II. Новый язык глазами языковедов
1
Опасность для судеб языка быстро стала очевидна тогдашним лингвистам (только прогнозы они делали, по-видимому, разные):
«… Люди из вновь подымающегося общественного слоя, которые начинают выступать на литературном поприще, свое литературное образование, свой литературный вкус создали в большинстве случаев именно на этой повседневной газетной или вообще злободневной прессе, а потому у них обыкновенно просто нет ощущения правильного русского литературного языка». [428]
428
Щерба Л. В. [Выступление в дискуссии о культуре речи] // Журналист. 1925. № 2. С. 6.

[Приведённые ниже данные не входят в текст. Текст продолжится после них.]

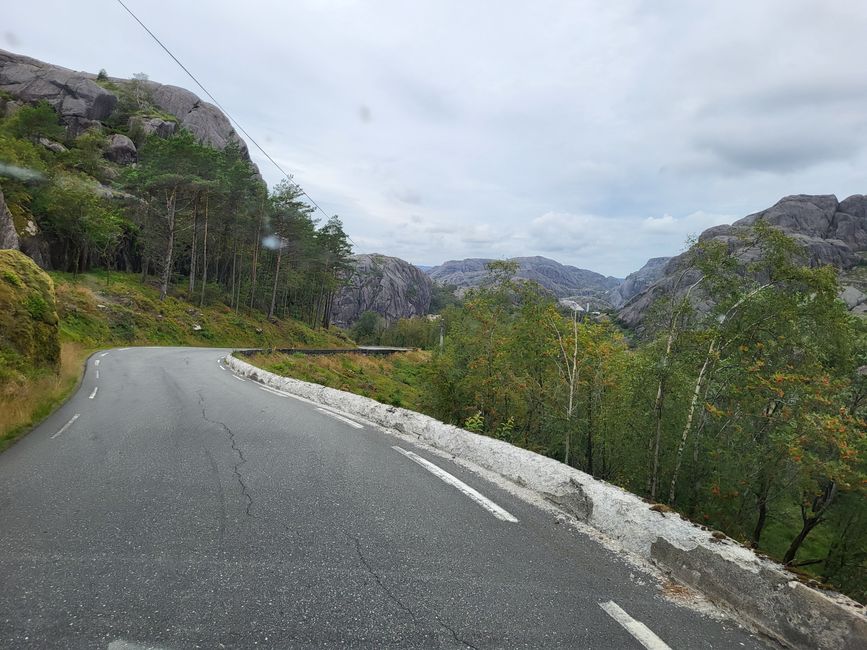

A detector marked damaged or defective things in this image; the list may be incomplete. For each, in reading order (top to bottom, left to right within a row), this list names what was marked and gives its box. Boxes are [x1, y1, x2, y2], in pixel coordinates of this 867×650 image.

cracked asphalt [0, 346, 772, 644]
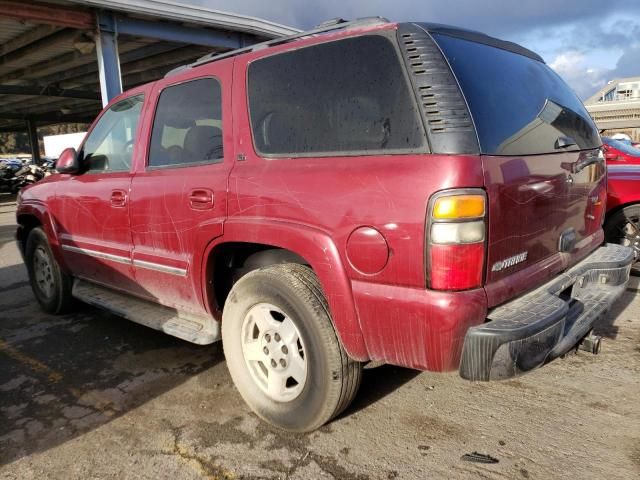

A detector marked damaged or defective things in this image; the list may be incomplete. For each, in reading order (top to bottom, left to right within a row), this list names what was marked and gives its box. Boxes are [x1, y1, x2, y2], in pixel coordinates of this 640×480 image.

Е. Д. Поливанов в 1927 году под «литературным (стандартным)» языком понимает «тот стандартный диалект, на котором говорит культурно-доминирующая верхушка данного национального коллектива». Он поясняет: понятие «политически-господствующий класс» не вполне совпадает с понятием «культурно-господствующая группа».
Возможно, в этих рассуждениях было некое предощущение категорического доминирования в недалеком будущем нового советского «стандарта» (в то время еще формирующегося) – как «диалекта» не культурного слоя, а «политически-господствующего класса». [429] Но прямого сигнала о такой опасности не последовало.
429
Поливанов Е. О литературном (стандартном) языке современности // Родной язык в школе: Научно-педагогические сборники. 1927. Кн. 1. Изд. 2-е. С. 225.